## Work required
Would you repeat word for word the lines of the listing that follows, from the one with "Cincinnati Bengals wide" up to and including the one with "lot 1311 image: Seraphim", and leave out the images?

## Source material
====
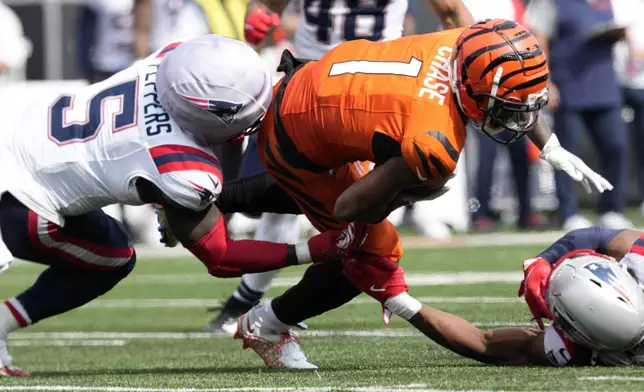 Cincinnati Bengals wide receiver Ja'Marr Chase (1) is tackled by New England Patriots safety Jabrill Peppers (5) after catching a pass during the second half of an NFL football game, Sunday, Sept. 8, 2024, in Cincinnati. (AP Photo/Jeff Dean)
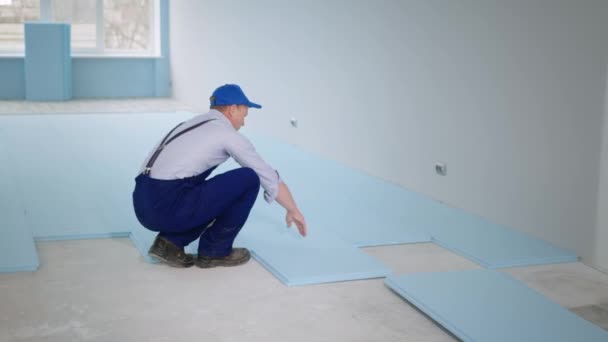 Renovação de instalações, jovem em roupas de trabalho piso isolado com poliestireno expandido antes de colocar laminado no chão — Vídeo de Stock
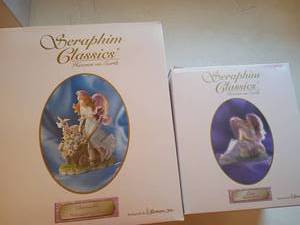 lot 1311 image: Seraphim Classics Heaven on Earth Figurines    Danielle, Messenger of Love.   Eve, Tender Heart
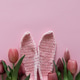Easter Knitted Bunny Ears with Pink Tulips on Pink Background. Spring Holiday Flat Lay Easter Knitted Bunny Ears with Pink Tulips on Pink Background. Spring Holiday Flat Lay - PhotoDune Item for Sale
====
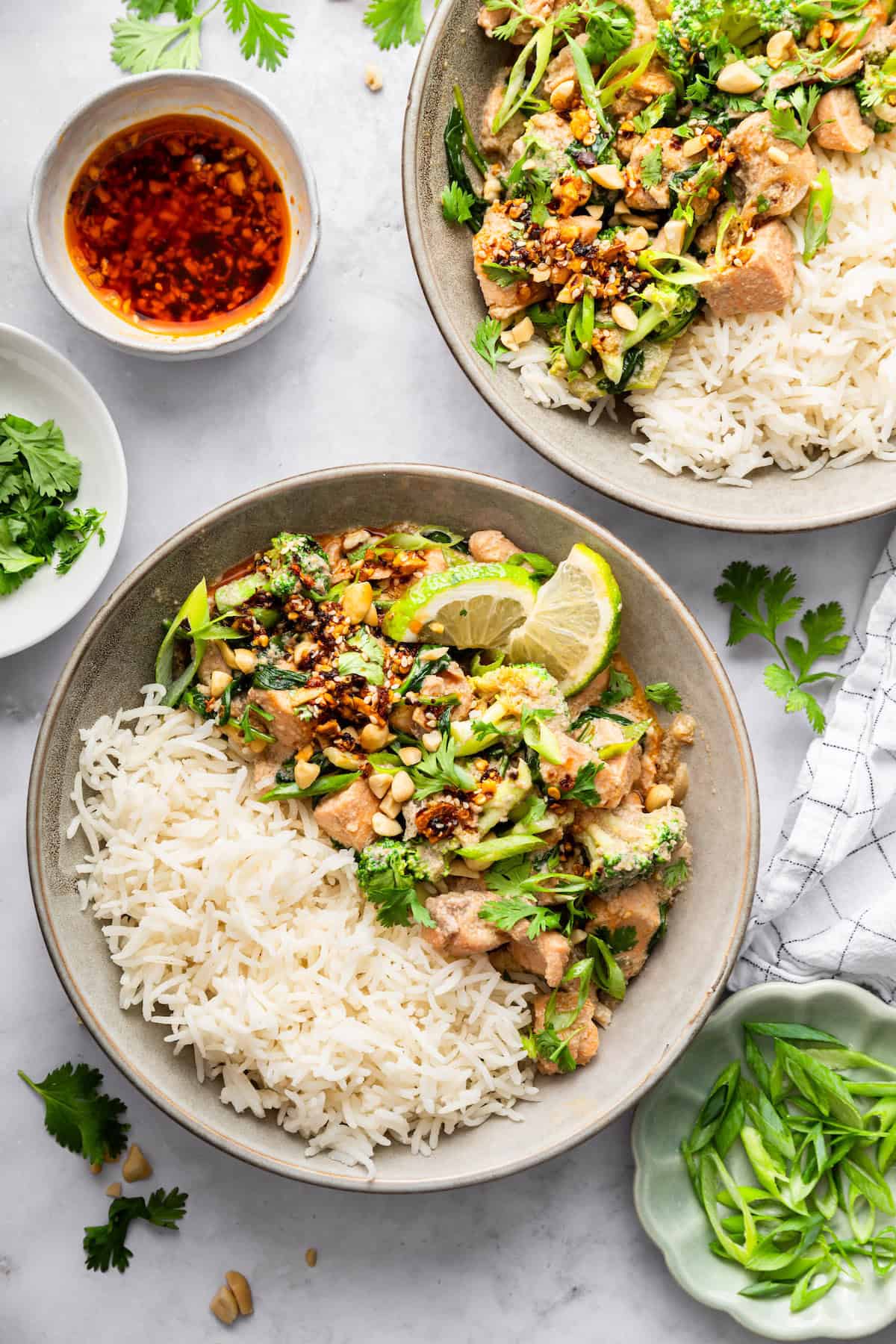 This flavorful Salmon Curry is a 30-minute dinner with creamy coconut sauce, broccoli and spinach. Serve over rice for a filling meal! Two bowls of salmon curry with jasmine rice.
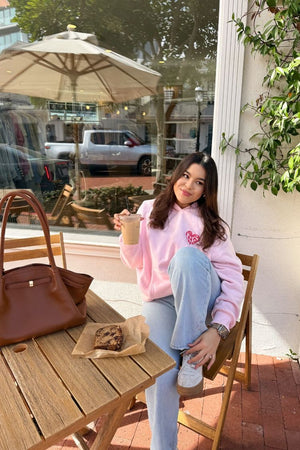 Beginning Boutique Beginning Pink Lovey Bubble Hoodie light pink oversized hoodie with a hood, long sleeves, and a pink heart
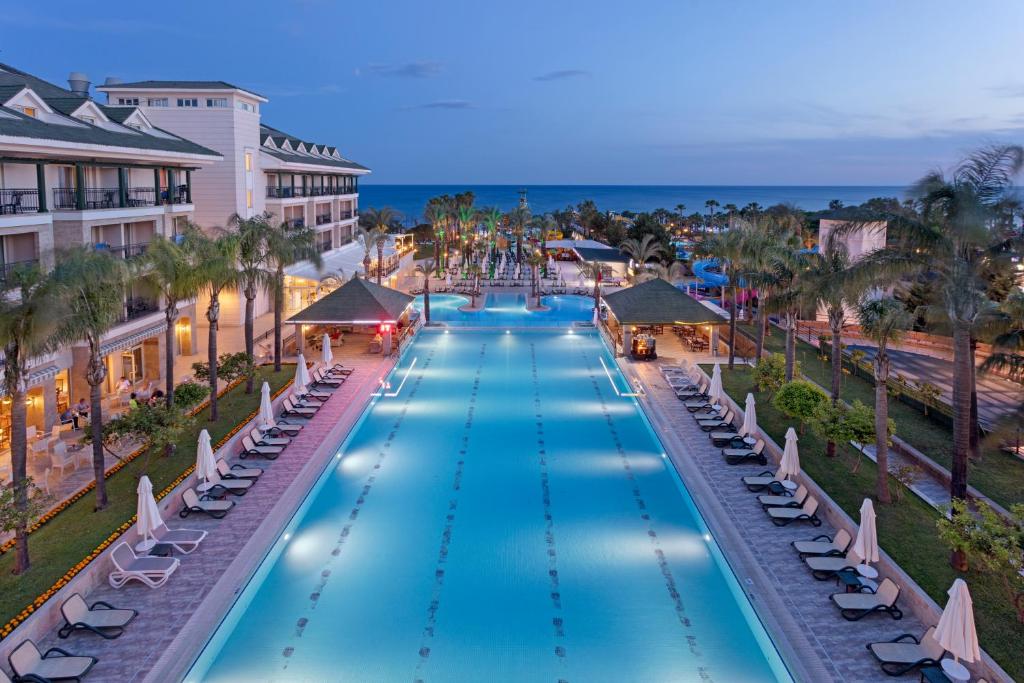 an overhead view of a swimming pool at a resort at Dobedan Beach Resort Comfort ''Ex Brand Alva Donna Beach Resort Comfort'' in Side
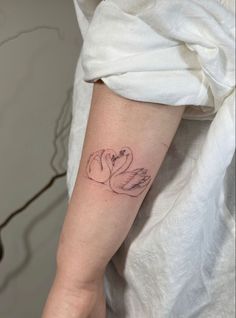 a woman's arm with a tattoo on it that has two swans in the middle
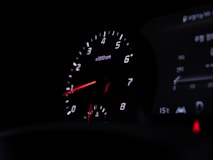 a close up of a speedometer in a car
====
## Task solution
 Cincinnati Bengals wide receiver Ja'Marr Chase (1) is tackled by New England Patriots safety Jabrill Peppers (5) after catching a pass during the second half of an NFL football game, Sunday, Sept. 8, 2024, in Cincinnati. (AP Photo/Jeff Dean)
 Renovação de instalações, jovem em roupas de trabalho piso isolado com poliestireno expandido antes de colocar laminado no chão — Vídeo de Stock
 lot 1311 image: Seraphim Classics Heaven on Earth Figurines    Danielle, Messenger of Love.   Eve, Tender Heart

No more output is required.